= THE TASK =
The answer should consist of all the records, written out word for word.

= GIVEN RECORDS =
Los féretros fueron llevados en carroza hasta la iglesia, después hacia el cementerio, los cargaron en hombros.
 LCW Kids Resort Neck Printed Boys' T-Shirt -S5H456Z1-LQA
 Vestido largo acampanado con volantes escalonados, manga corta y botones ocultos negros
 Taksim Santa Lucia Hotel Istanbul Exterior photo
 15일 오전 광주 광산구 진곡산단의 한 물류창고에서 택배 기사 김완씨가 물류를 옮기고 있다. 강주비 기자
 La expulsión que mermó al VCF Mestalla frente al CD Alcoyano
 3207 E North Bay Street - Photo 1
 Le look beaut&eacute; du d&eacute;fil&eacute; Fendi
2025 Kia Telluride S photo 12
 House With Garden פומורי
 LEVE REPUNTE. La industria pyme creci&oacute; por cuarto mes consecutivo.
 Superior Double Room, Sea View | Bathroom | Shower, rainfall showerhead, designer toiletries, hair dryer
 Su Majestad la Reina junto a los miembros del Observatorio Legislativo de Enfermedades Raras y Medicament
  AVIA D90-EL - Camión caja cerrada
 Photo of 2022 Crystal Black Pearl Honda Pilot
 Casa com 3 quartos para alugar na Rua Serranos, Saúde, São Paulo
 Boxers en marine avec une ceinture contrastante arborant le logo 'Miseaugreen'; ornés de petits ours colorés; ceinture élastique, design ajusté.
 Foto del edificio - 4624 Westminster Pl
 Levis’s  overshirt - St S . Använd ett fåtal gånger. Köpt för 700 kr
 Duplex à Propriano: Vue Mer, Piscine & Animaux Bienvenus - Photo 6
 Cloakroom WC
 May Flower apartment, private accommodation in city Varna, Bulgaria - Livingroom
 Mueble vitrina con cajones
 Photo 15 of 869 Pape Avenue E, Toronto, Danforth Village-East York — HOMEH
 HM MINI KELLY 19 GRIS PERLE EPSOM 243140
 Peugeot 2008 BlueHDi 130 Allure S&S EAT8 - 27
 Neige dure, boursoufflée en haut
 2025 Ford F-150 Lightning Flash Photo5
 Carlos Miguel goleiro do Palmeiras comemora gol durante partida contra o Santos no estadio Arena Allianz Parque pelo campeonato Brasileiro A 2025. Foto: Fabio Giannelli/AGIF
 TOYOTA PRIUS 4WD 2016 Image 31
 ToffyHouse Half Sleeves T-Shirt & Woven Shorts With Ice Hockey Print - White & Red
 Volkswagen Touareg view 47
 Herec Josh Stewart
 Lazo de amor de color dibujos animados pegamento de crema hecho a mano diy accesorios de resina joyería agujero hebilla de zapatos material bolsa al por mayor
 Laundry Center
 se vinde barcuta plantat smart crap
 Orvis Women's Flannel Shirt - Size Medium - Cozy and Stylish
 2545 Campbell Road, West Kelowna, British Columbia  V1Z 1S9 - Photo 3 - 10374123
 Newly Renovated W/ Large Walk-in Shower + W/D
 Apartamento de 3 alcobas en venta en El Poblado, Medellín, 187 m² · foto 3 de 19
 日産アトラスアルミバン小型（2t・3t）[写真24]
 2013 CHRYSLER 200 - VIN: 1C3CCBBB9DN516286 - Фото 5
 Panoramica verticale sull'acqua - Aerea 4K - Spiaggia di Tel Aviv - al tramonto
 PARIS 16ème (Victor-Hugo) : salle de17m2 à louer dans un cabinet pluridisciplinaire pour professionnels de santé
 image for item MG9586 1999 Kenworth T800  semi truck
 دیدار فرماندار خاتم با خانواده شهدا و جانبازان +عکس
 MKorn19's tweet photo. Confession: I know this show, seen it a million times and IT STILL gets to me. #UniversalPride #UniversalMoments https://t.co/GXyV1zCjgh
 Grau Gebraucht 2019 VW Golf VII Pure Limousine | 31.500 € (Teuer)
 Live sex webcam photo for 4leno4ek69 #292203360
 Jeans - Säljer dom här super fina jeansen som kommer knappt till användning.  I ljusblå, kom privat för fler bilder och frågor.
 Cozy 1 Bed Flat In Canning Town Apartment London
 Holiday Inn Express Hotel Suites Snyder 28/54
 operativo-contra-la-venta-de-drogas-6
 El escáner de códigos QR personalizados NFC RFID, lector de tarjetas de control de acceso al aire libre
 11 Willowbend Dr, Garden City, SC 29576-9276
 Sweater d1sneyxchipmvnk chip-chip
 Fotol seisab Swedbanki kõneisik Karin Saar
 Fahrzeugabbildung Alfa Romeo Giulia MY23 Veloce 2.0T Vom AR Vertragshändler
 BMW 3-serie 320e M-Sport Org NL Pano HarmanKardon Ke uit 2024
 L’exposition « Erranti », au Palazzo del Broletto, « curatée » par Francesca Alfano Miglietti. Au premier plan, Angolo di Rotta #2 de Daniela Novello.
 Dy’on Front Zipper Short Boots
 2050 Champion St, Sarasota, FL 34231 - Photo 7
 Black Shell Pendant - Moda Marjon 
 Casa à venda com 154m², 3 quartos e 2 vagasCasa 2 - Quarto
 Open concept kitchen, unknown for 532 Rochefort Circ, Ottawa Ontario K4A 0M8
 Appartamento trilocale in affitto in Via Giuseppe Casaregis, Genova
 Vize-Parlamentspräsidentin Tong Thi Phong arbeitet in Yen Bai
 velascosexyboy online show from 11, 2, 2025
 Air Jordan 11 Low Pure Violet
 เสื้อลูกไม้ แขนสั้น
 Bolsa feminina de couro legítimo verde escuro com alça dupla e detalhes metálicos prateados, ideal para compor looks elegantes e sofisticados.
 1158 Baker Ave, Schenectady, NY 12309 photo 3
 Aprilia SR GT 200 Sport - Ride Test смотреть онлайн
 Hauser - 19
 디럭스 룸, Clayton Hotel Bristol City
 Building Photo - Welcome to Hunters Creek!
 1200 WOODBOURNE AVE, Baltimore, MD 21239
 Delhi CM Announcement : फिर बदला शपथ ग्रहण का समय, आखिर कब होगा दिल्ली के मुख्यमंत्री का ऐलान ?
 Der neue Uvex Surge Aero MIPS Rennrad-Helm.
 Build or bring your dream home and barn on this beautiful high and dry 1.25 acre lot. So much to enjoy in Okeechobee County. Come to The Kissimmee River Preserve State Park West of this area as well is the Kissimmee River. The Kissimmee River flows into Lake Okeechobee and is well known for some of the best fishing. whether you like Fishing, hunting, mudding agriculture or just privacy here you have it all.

= RESULT BELOW =
Los féretros fueron llevados en carroza hasta la iglesia, después hacia el cementerio, los cargaron en hombros.
 LCW Kids Resort Neck Printed Boys' T-Shirt -S5H456Z1-LQA
 Vestido largo acampanado con volantes escalonados, manga corta y botones ocultos negros
 Taksim Santa Lucia Hotel Istanbul Exterior photo
 15일 오전 광주 광산구 진곡산단의 한 물류창고에서 택배 기사 김완씨가 물류를 옮기고 있다. 강주비 기자
 La expulsión que mermó al VCF Mestalla frente al CD Alcoyano
 3207 E North Bay Street - Photo 1
 Le look beaut&eacute; du d&eacute;fil&eacute; Fendi
2025 Kia Telluride S photo 12
 House With Garden פומורי
 LEVE REPUNTE. La industria pyme creci&oacute; por cuarto mes consecutivo.
 Superior Double Room, Sea View | Bathroom | Shower, rainfall showerhead, designer toiletries, hair dryer
 Su Majestad la Reina junto a los miembros del Observatorio Legislativo de Enfermedades Raras y Medicament
  AVIA D90-EL - Camión caja cerrada
 Photo of 2022 Crystal Black Pearl Honda Pilot
 Casa com 3 quartos para alugar na Rua Serranos, Saúde, São Paulo
 Boxers en marine avec une ceinture contrastante arborant le logo 'Miseaugreen'; ornés de petits ours colorés; ceinture élastique, design ajusté.
 Foto del edificio - 4624 Westminster Pl
 Levis’s  overshirt - St S . Använd ett fåtal gånger. Köpt för 700 kr
 Duplex à Propriano: Vue Mer, Piscine & Animaux Bienvenus - Photo 6
 Cloakroom WC
 May Flower apartment, private accommodation in city Varna, Bulgaria - Livingroom
 Mueble vitrina con cajones
 Photo 15 of 869 Pape Avenue E, Toronto, Danforth Village-East York — HOMEH
 HM MINI KELLY 19 GRIS PERLE EPSOM 243140
 Peugeot 2008 BlueHDi 130 Allure S&S EAT8 - 27
 Neige dure, boursoufflée en haut
 2025 Ford F-150 Lightning Flash Photo5
 Carlos Miguel goleiro do Palmeiras comemora gol durante partida contra o Santos no estadio Arena Allianz Parque pelo campeonato Brasileiro A 2025. Foto: Fabio Giannelli/AGIF
 TOYOTA PRIUS 4WD 2016 Image 31
 ToffyHouse Half Sleeves T-Shirt & Woven Shorts With Ice Hockey Print - White & Red
 Volkswagen Touareg view 47
 Herec Josh Stewart
 Lazo de amor de color dibujos animados pegamento de crema hecho a mano diy accesorios de resina joyería agujero hebilla de zapatos material bolsa al por mayor
 Laundry Center
 se vinde barcuta plantat smart crap
 Orvis Women's Flannel Shirt - Size Medium - Cozy and Stylish
 2545 Campbell Road, West Kelowna, British Columbia  V1Z 1S9 - Photo 3 - 10374123
 Newly Renovated W/ Large Walk-in Shower + W/D
 Apartamento de 3 alcobas en venta en El Poblado, Medellín, 187 m² · foto 3 de 19
 日産アトラスアルミバン小型（2t・3t）[写真24]
 2013 CHRYSLER 200 - VIN: 1C3CCBBB9DN516286 - Фото 5
 Panoramica verticale sull'acqua - Aerea 4K - Spiaggia di Tel Aviv - al tramonto
 PARIS 16ème (Victor-Hugo) : salle de17m2 à louer dans un cabinet pluridisciplinaire pour professionnels de santé
 image for item MG9586 1999 Kenworth T800  semi truck
 دیدار فرماندار خاتم با خانواده شهدا و جانبازان +عکس
 MKorn19's tweet photo. Confession: I know this show, seen it a million times and IT STILL gets to me. #UniversalPride #UniversalMoments https://t.co/GXyV1zCjgh
 Grau Gebraucht 2019 VW Golf VII Pure Limousine | 31.500 € (Teuer)
 Live sex webcam photo for 4leno4ek69 #292203360
 Jeans - Säljer dom här super fina jeansen som kommer knappt till användning.  I ljusblå, kom privat för fler bilder och frågor.
 Cozy 1 Bed Flat In Canning Town Apartment London
 Holiday Inn Express Hotel Suites Snyder 28/54
 operativo-contra-la-venta-de-drogas-6
 El escáner de códigos QR personalizados NFC RFID, lector de tarjetas de control de acceso al aire libre
 11 Willowbend Dr, Garden City, SC 29576-9276
 Sweater d1sneyxchipmvnk chip-chip
 Fotol seisab Swedbanki kõneisik Karin Saar
 Fahrzeugabbildung Alfa Romeo Giulia MY23 Veloce 2.0T Vom AR Vertragshändler
 BMW 3-serie 320e M-Sport Org NL Pano HarmanKardon Ke uit 2024
 L’exposition « Erranti », au Palazzo del Broletto, « curatée » par Francesca Alfano Miglietti. Au premier plan, Angolo di Rotta #2 de Daniela Novello.
 Dy’on Front Zipper Short Boots
 2050 Champion St, Sarasota, FL 34231 - Photo 7
 Black Shell Pendant - Moda Marjon 
 Casa à venda com 154m², 3 quartos e 2 vagasCasa 2 - Quarto
 Open concept kitchen, unknown for 532 Rochefort Circ, Ottawa Ontario K4A 0M8
 Appartamento trilocale in affitto in Via Giuseppe Casaregis, Genova
 Vize-Parlamentspräsidentin Tong Thi Phong arbeitet in Yen Bai
 velascosexyboy online show from 11, 2, 2025
 Air Jordan 11 Low Pure Violet
 เสื้อลูกไม้ แขนสั้น
 Bolsa feminina de couro legítimo verde escuro com alça dupla e detalhes metálicos prateados, ideal para compor looks elegantes e sofisticados.
 1158 Baker Ave, Schenectady, NY 12309 photo 3
 Aprilia SR GT 200 Sport - Ride Test смотреть онлайн
 Hauser - 19
 디럭스 룸, Clayton Hotel Bristol City
 Building Photo - Welcome to Hunters Creek!
 1200 WOODBOURNE AVE, Baltimore, MD 21239
 Delhi CM Announcement : फिर बदला शपथ ग्रहण का समय, आखिर कब होगा दिल्ली के मुख्यमंत्री का ऐलान ?
 Der neue Uvex Surge Aero MIPS Rennrad-Helm.
 Build or bring your dream home and barn on this beautiful high and dry 1.25 acre lot. So much to enjoy in Okeechobee County. Come to The Kissimmee River Preserve State Park West of this area as well is the Kissimmee River. The Kissimmee River flows into Lake Okeechobee and is well known for some of the best fishing. whether you like Fishing, hunting, mudding agriculture or just privacy here you have it all.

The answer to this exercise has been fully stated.